The announcement came as Labour unveiled a 10-point plan to clamp down on tax dodgers with the aim of reducing avoidance and evasion by £7.5 billion a year by 2017.
Speaking on the Andrew Marr show this morning, Chancellor George Osborne said: “The conservatives support the basic human instinct to provide for your children and we believe that your home which you work for and you’ve saved for should belong to you and your family not the taxman.
We will take family homes out of inheritance tax. We will effectively increase the inheritance tax threshold to one million pounds so that only millionaires pay inheritance tax”
Osborne first launched the policy at the Conservative party conference of 2007. The resulting jump in support for the Tory party put Labour on the back foot, scaring Gordon Brown off calling a General Election that year.
Ukip have long been promising to scrap inheritance tax entirely, so this policy is also being seen as showing ankle to their voters.
Speaking to Breitbart London, Ukip Councillor and NEC member Tom Bursnall, who defected from the Conservatives to Ukip over the Tories’ economic policies, said “This is the same proposal that they didn’t deliver before, but worse in that the thresholds are the same despite eight years of property inflation.
“They say it wasn’t delivered because it was blocked by the Lib Dems; well, they have no chance of forming a majority government this time round so it’s not worth the paper it’s written on again.
“The policy also creates additional complexity in the tax code, because they now want to cut off the allowance at the top end of the property market. The Tories are against Labour’s mansion tax, but given Osborne’s punitive changes to stamp duty and now inheritance tax, any wealth creator with a large London property is going to be miles better off under Miliband.”
Critics have also pointed out that the plan is to be funded by scrapping tax relief on pension contributions of those earning £150,000 or more, again forcing the most financially successful Britons to shoulder a larger proportion of the tax load.

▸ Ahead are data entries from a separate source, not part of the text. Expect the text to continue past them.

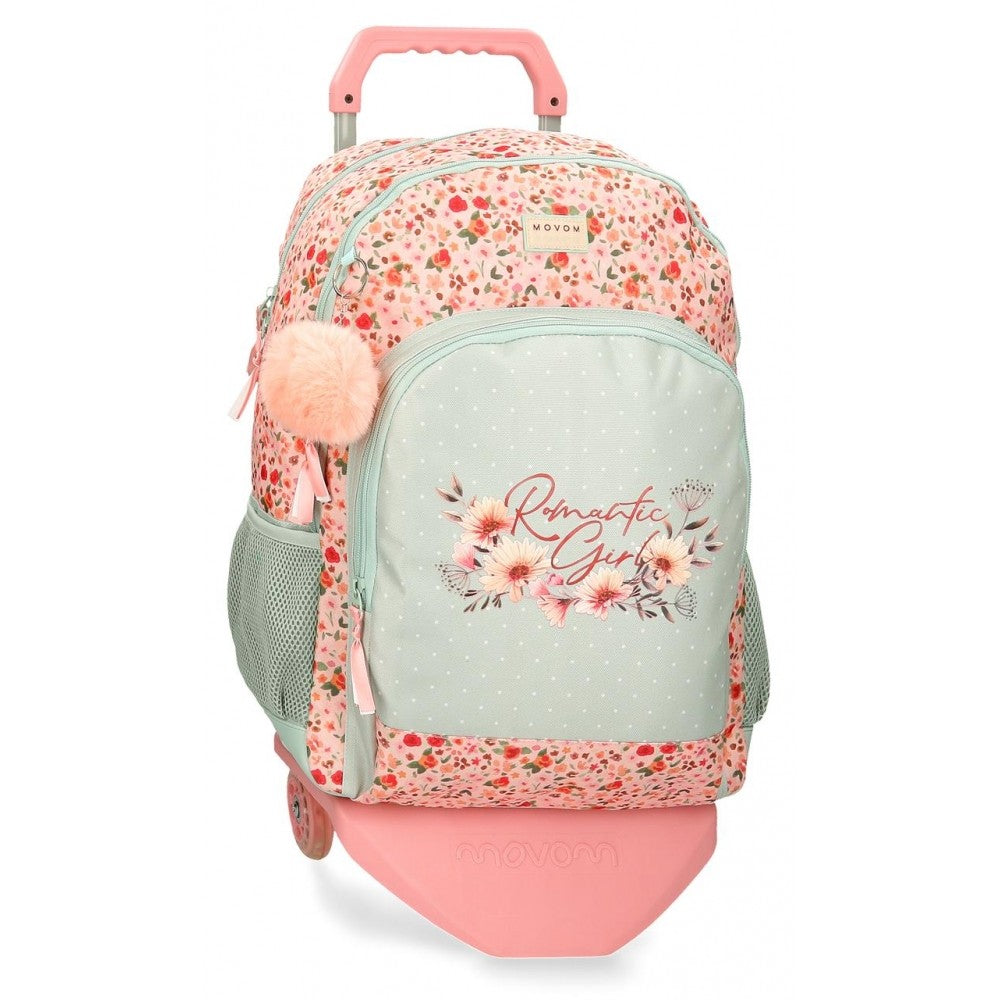 Mochila Escolar Movom Romantic Girl dos compartimentos con carro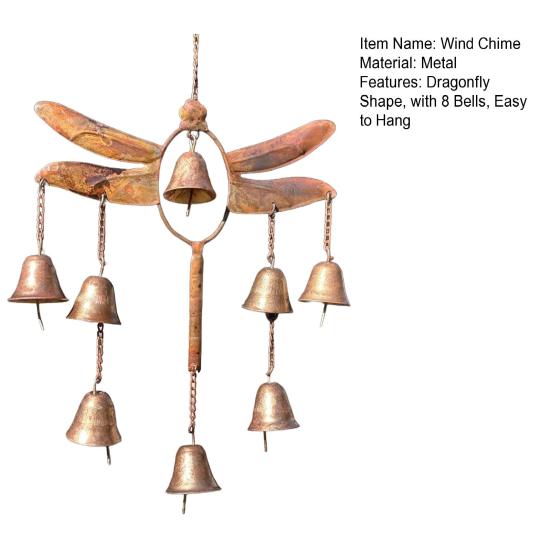 Стрекоза Колокольчик ветра с 8 латунными колокольчиками Погодоустойчивый Винтажный Наружный Сад Двор Патио Подвесной Металлический Колокольчик ветра Декорация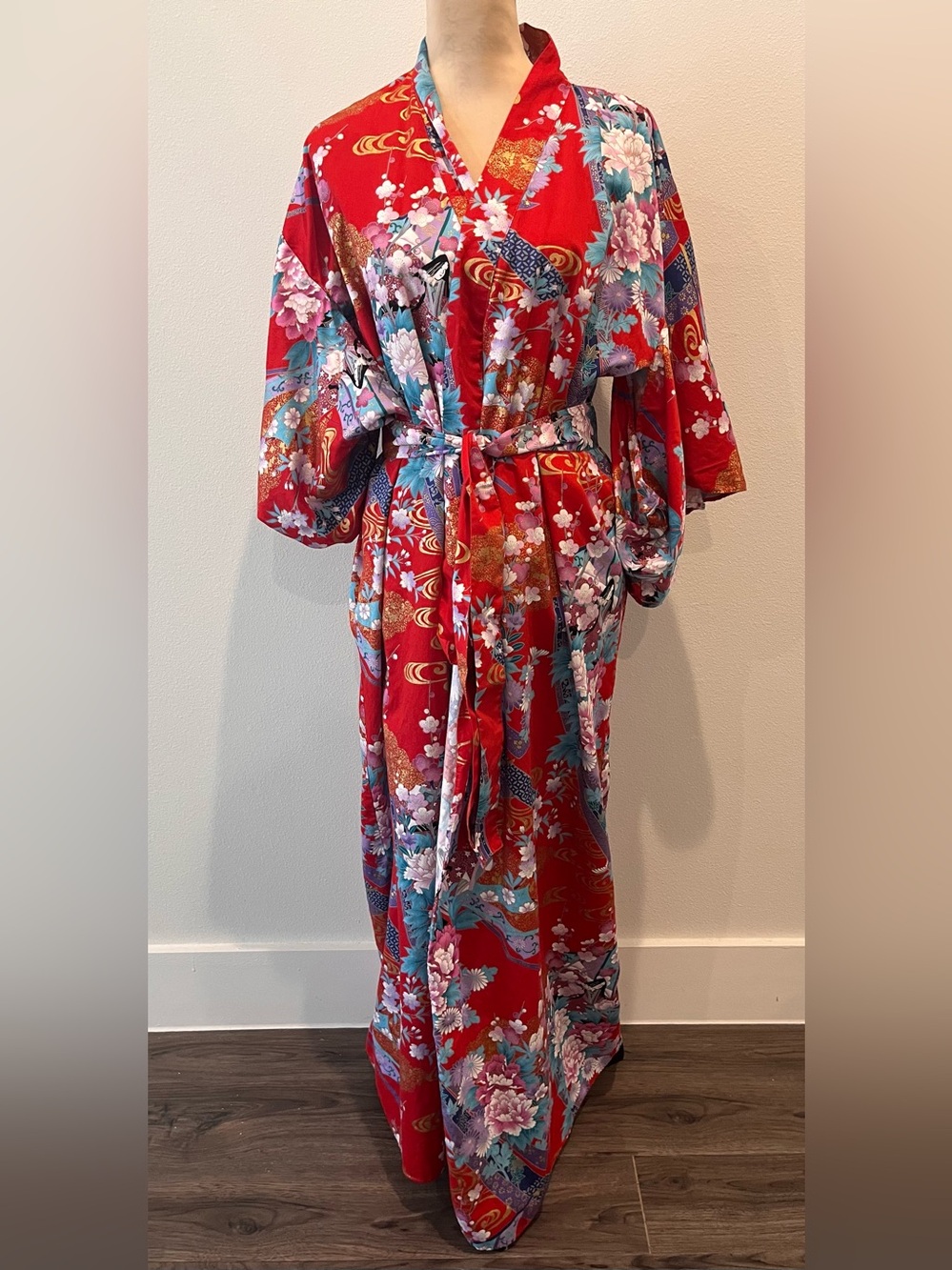 Red Floral Satin Kimono Robe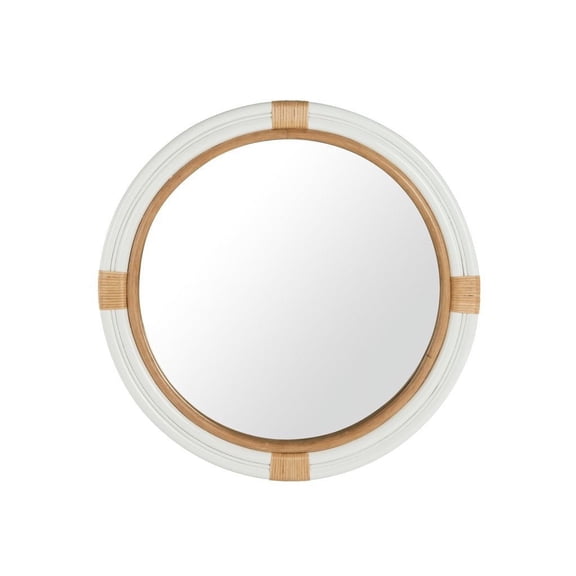 Kouboo Nautical Decorative Wall Mirror in Rattan, Round Mirror, Suitable For Farmhouse, Living Room, Bedroom And Bathroom, Natural And White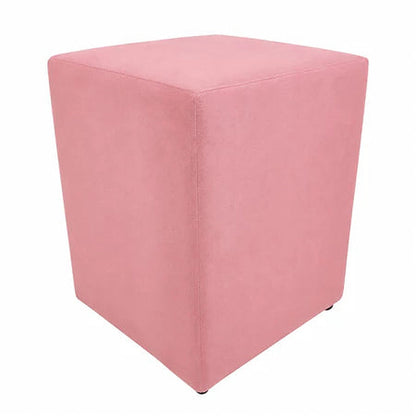 Puff Banquinho Quadrado em Suede para Sala e Quarto cor Rosa - Vittara Decor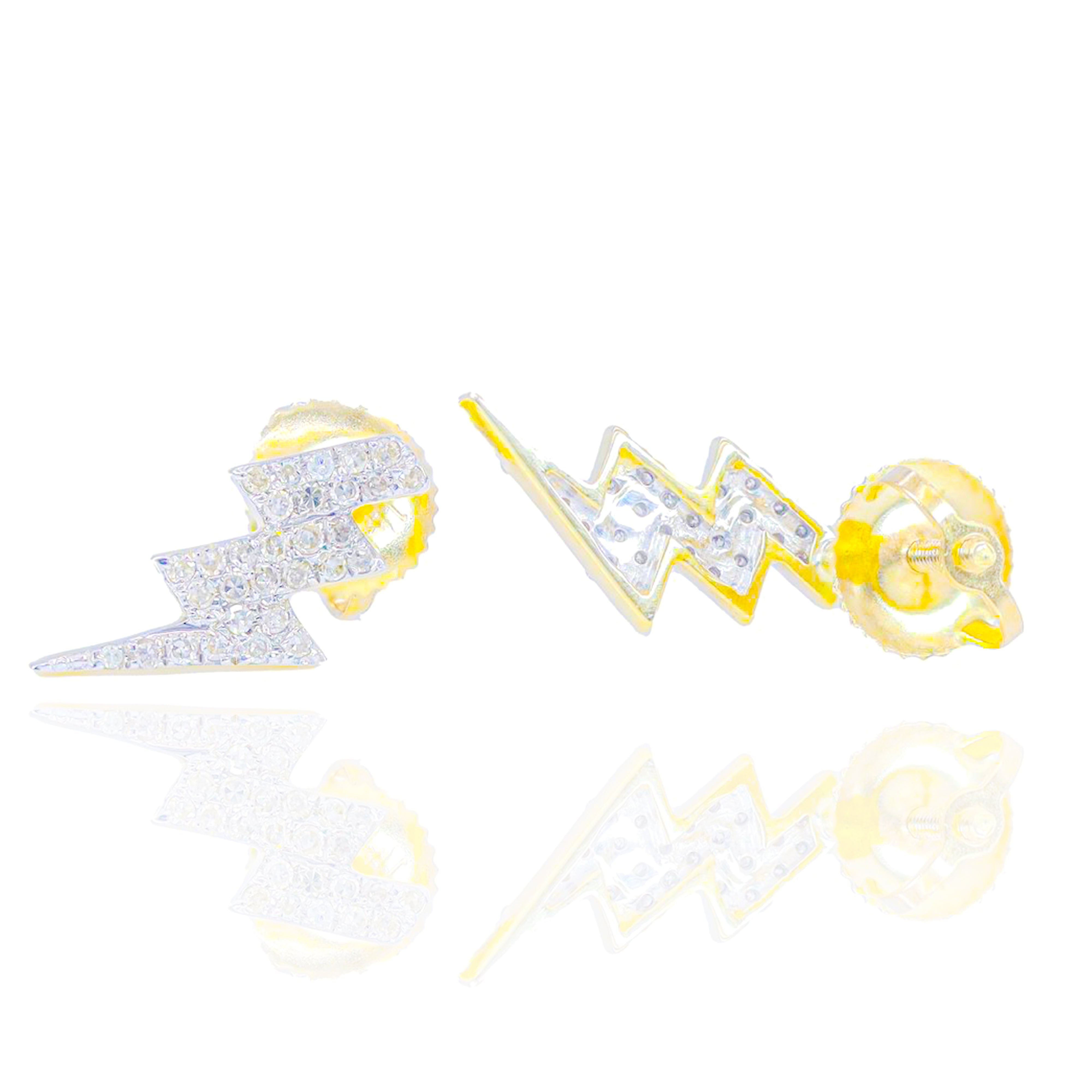 Jagged Lightening Bolt Diamond Earrings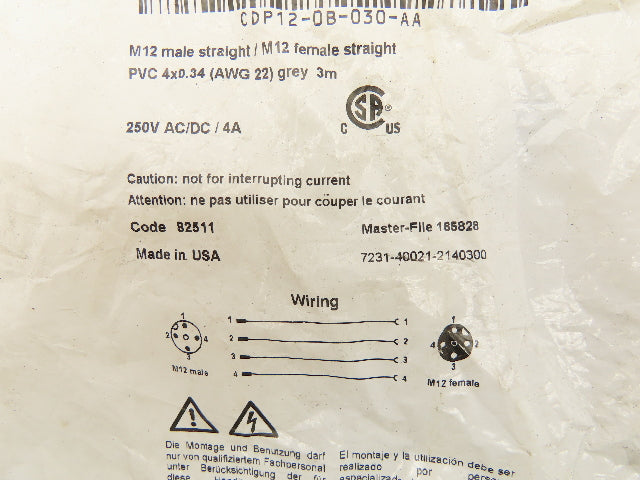Automation Direct/Murr Elektronik CDP12-0B-030-AA Patch Cable M12 3M Lot Of 2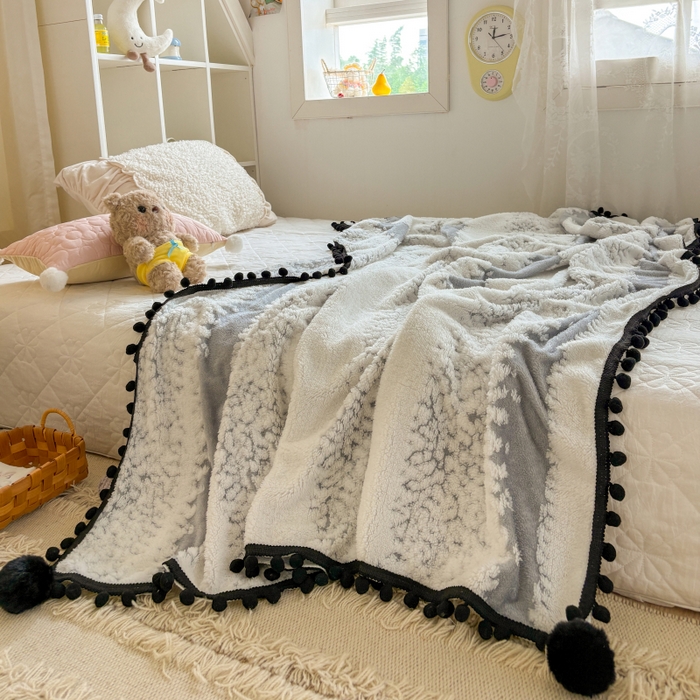 91家纺网 家纺一手货源 找家纺 潮邦创意家居 2025新款250g阳离子提花小球毯盖毯毯子-星绒墨趣 星绒墨趣 -星灰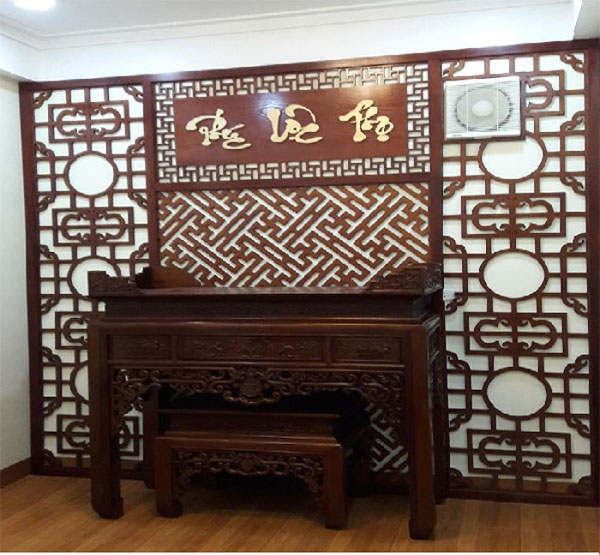Vách ngăn phòng thờ tại Thái Bình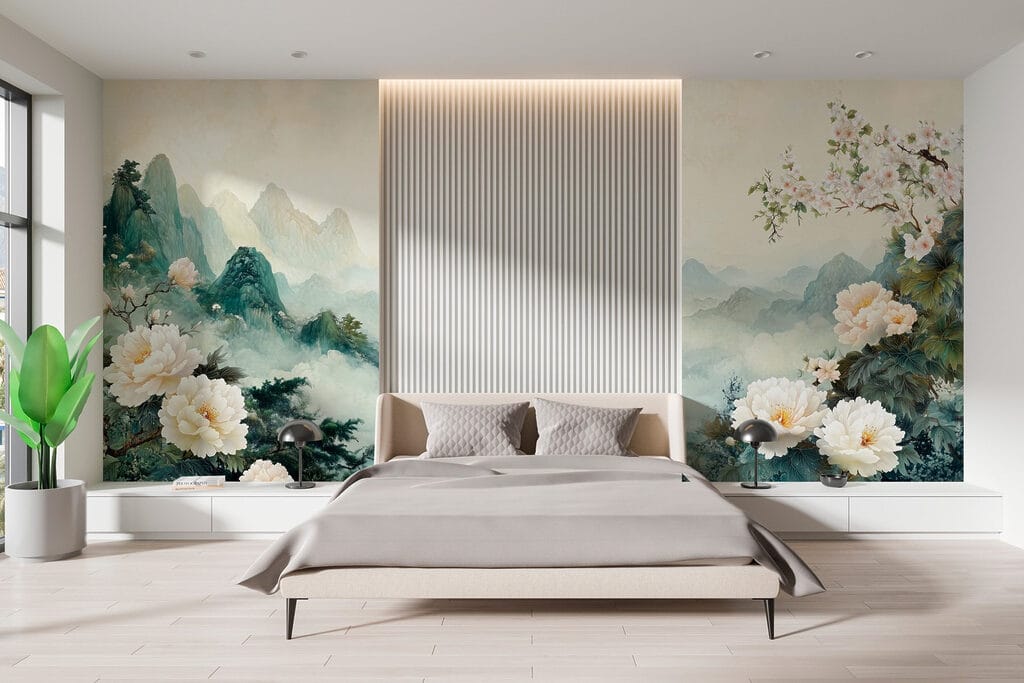 Painting of flowers and mountains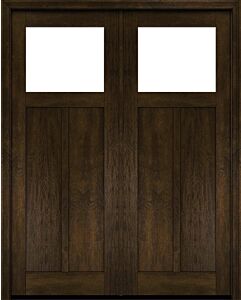Mahogany Craftsman Top View 2 Panel Shaker Double Door|CRF-P2G1-SH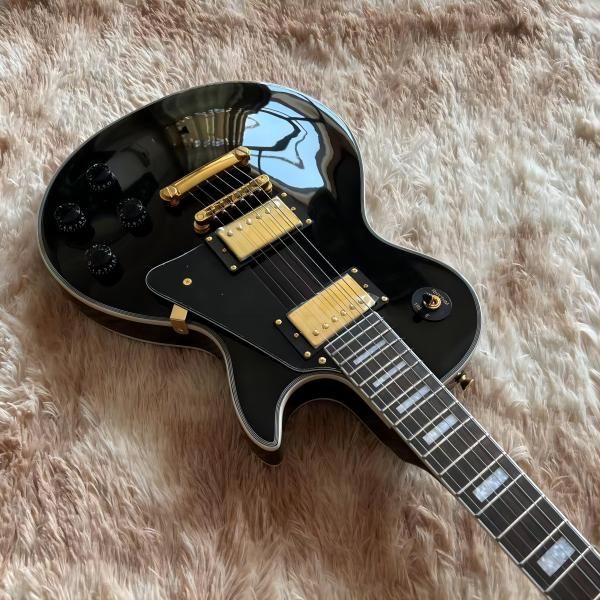 

1960s black custom electric guitar gold hardware classical version factory direct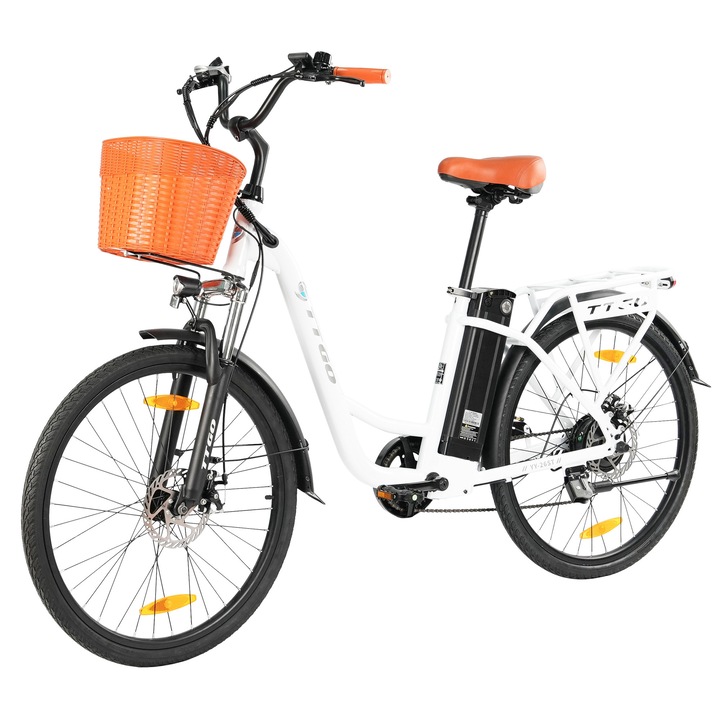TTGO Városi Elektromos Kerékpár, 250W 45Nm Motor, 522Wh Kivehető Akkumulátor, 75km Hatótáv, 26" Kerekek, Tárcsafékek, Dupla Felfüggesztés, Shimano 6 Sebességes Váltó, Kosár és Csomagtartó, LED Kijelző, Fehér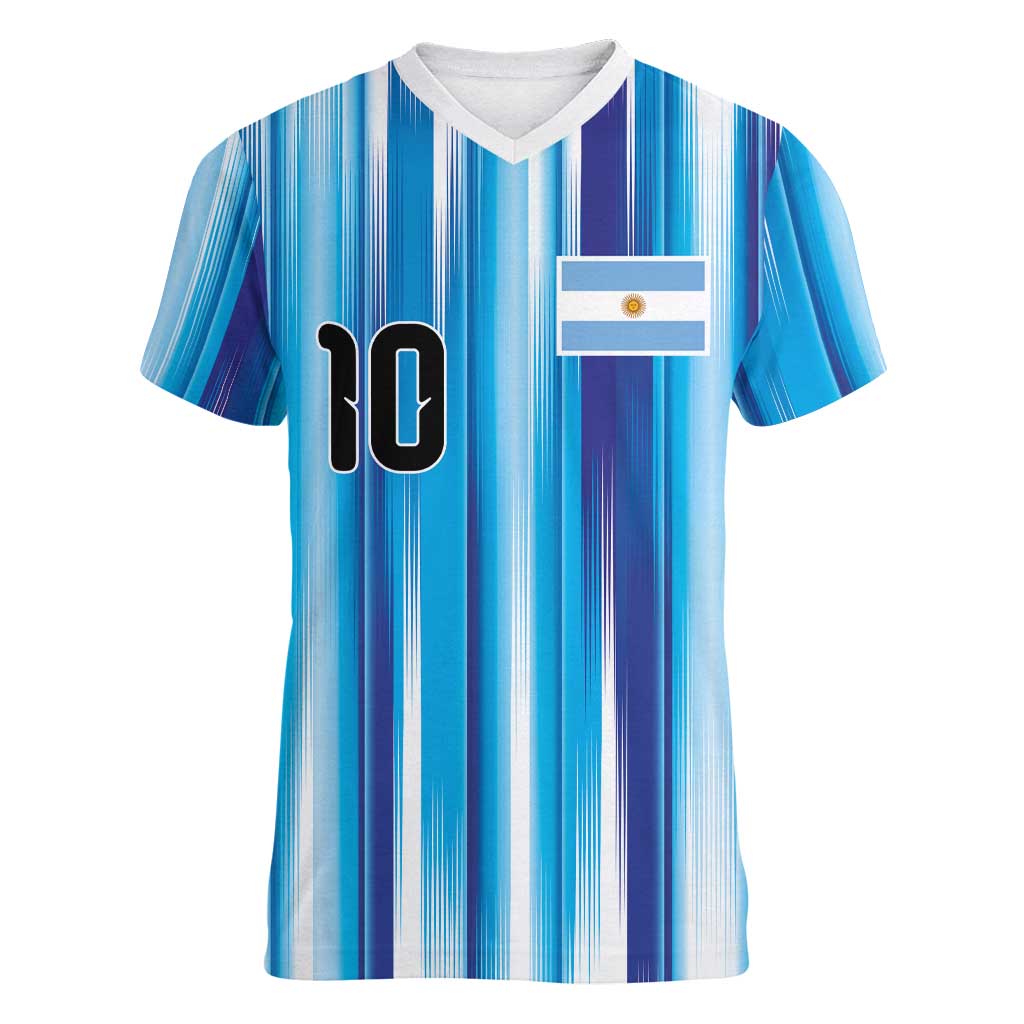 Custom Argentina Football Women V-Neck T-Shirt La Albiceleste 2026 - Wonder Print Shop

Jonathan Isaby, Chief Executive of the TaxPayers Alliance said that his organisation welcomed the tax cut, but insisted that it was important to scrutinize the funding, saying: “The Death Tax is fundamentally immoral, hitting families at the worst possible time, and any attempt to alleviate the burden is welcome.
“For too long, successive Chancellors have allowed more and more people to be dragged into the top band by refusing to move the thresholds, and correcting for that is well overdue. This is a welcome first step towards the abolition of the most hated tax in Britain, one that penalises people for working hard and trying to pass on a better life to their children and grandchildren.
“However, it’s important that we look at the detail of withdrawing tax relief from pension contributions, as there remain serious questions about how fair and indeed practical it is to do so.”